(Recorded data)
-- Opening Marker --

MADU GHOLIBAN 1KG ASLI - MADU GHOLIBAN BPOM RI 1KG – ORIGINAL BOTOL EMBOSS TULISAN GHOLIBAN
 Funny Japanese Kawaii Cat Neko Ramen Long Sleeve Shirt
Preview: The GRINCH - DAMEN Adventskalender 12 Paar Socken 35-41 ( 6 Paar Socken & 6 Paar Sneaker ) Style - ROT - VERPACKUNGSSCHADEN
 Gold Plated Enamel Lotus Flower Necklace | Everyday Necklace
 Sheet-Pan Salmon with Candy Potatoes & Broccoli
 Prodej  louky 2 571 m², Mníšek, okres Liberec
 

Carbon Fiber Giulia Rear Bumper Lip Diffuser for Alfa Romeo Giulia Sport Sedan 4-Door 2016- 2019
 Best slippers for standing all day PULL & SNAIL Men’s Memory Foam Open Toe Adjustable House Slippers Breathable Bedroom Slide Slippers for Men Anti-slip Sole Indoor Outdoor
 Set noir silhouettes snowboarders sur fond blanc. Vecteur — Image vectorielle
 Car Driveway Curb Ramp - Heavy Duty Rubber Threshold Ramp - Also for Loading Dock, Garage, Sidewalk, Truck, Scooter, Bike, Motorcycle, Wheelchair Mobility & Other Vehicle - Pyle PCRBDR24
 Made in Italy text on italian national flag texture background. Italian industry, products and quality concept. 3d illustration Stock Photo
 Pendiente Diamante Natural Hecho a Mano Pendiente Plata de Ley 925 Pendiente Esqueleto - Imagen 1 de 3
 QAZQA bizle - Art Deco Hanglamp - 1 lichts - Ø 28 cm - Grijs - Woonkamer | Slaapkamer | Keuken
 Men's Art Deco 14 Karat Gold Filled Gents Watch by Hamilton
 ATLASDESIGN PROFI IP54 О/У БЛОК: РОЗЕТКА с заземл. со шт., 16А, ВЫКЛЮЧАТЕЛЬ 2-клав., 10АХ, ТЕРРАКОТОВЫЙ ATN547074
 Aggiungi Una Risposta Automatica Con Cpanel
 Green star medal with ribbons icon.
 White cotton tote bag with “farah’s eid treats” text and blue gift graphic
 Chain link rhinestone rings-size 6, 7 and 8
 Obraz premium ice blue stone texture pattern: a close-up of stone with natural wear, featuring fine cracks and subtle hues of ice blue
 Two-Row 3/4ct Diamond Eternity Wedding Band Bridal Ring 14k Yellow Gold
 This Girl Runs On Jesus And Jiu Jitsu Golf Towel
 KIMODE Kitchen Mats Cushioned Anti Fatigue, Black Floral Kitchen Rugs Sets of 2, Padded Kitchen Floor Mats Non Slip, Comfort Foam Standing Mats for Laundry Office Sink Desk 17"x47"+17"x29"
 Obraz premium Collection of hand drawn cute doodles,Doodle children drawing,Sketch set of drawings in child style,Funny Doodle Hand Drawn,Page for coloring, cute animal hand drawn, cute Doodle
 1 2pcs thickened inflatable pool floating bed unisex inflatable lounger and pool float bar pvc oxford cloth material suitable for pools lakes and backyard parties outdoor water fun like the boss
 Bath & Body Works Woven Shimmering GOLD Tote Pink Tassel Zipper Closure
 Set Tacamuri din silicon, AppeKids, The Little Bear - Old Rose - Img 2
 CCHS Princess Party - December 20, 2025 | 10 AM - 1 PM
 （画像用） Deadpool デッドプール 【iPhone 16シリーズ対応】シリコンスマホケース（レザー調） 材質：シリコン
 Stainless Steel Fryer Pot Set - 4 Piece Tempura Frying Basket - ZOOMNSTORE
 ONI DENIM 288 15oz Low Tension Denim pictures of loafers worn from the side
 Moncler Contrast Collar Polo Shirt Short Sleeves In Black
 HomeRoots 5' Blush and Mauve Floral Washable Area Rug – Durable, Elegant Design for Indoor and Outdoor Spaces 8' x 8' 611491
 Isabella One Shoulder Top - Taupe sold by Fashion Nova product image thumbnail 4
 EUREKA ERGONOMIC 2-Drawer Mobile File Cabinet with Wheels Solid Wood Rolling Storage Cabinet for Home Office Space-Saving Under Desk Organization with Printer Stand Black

-- Closing Marker --

> _Work item_:
From the entries above, return exactly the line containing "Green star medal with ribbons icon.", the line containing "KIMODE Kitchen Mats", and all lines between, and nothing else.

> _Response to this task_:
 Green star medal with ribbons icon.
 White cotton tote bag with “farah’s eid treats” text and blue gift graphic
 Chain link rhinestone rings-size 6, 7 and 8
 Obraz premium ice blue stone texture pattern: a close-up of stone with natural wear, featuring fine cracks and subtle hues of ice blue
 Two-Row 3/4ct Diamond Eternity Wedding Band Bridal Ring 14k Yellow Gold
 This Girl Runs On Jesus And Jiu Jitsu Golf Towel
 KIMODE Kitchen Mats Cushioned Anti Fatigue, Black Floral Kitchen Rugs Sets of 2, Padded Kitchen Floor Mats Non Slip, Comfort Foam Standing Mats for Laundry Office Sink Desk 17"x47"+17"x29"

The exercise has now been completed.